4. SHARES SUBJECT TO FLEXIBLE PLAN
 
    4.1  LIMITATIONS.  The maximum number of Shares that may be issued with
respect to Awards under the Flexible Plan shall not exceed 2,000,000 unless such
maximum shall be increased or decreased by reason of changes in capitalization
of the Company as hereinafter provided. The Shares issued pursuant to the
Flexible Plan may be authorized but unissued Shares, or may be issued Shares
which have been reacquired by the Company.
 
    4.2  CHANGES.  To the extent that any Award under the Flexible Plan, shall
be forfeited, shall expire or shall be cancelled, in whole or in part, then the
number of Shares covered by the Award or stock option so forfeited, expired or
cancelled may again be awarded pursuant to the provisions of the Flexible Plan.

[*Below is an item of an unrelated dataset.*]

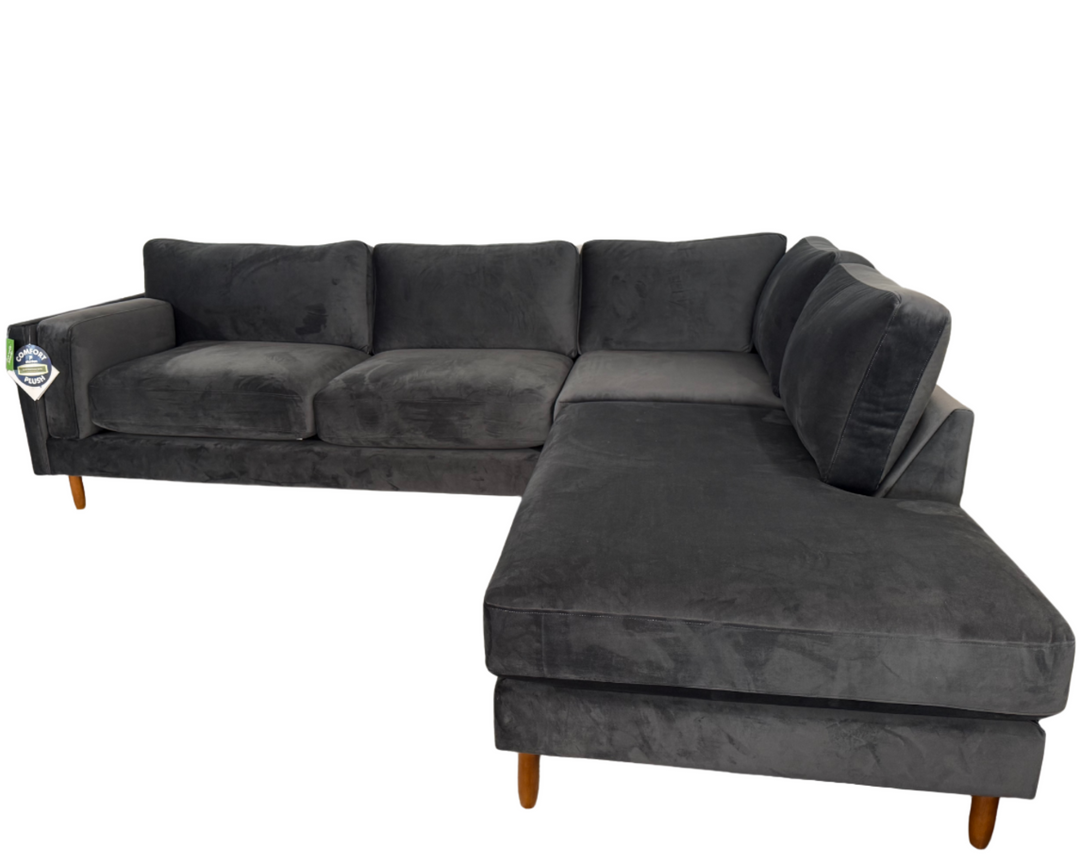 Timber sectional with right-facing chaise showing clean, contemporary lines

In the event that Shares are delivered to the Company in full or partial payment
of the exercise price for the exercise of a stock option granted under the
Flexible Plan, the number of Shares available for future Awards under the
Flexible Plan shall be reduced only by the net number of Shares issued upon the
exercise of the option. Awards that may be satisfied either by the issuance of
Shares or by cash or other consideration shall, until the form of consideration
to be paid is finally determined, be counted against the maximum number of
Shares that may be issued under the Flexible Plan. If the Award is ultimately
satisfied by the payment of consideration other than Shares, as, for example, a
stock option granted in tandem with a Stock Appreciation Right that is settled
by a cash payment of the stock appreciation, such Shares may again be made the
subject of an Award under the Flexible Plan. Awards will not reduce the number
of Shares that may be issued pursuant to the Flexible Plan if the settlement of
the Award will not require the issuance of Shares, as, for example, a Stock
Appreciation Right that can be satisfied only by the payment of cash.
 
5. ELIGIBILITY
 
    Eligibility for participation in the Flexible Plan shall be confined to
those persons who are employed by the Company, and who are officers of the
Company, or who are in managerial or other key positions within the Company or
are otherwise valuable employees of the Company. In making any determination as
to persons to whom Awards shall be granted, the type of Award, and/or the number
of Shares to be covered by the Award, the Committee shall consider the position
and responsibilities of the person, his or her importance to the Company, the
duties of such person, his or her past, present and potential contributions to
the growth and success of the Company, and such other factors as the Committee
shall deem relevant in connection with accomplishing the purposes of the
Flexible Plan.
 
                                      A-4
<PAGE>
6. STOCK OPTIONS
 
    6.1  GRANTS.  The Committee may grant stock options alone or in addition to
other Awards granted under the Flexible Plan to any eligible officer or other
key employee. Each person so selected shall be offered an option to purchase the
number of Shares determined by the Committee. The Committee shall specify
whether such option is an Incentive Stock Option or Non-Qualified Stock Option
and any other terms and conditions relating to such Award. To the extent that
any stock option does not qualify as an Incentive Stock Option (whether because
of its provisions or the time or manner of its exercise or otherwise), such
stock option or the portion thereof which does not qualify shall constitute a
separate Non-Qualified Stock Option. Each such person so selected shall have a
reasonable period of time within which to accept or reject the offered option.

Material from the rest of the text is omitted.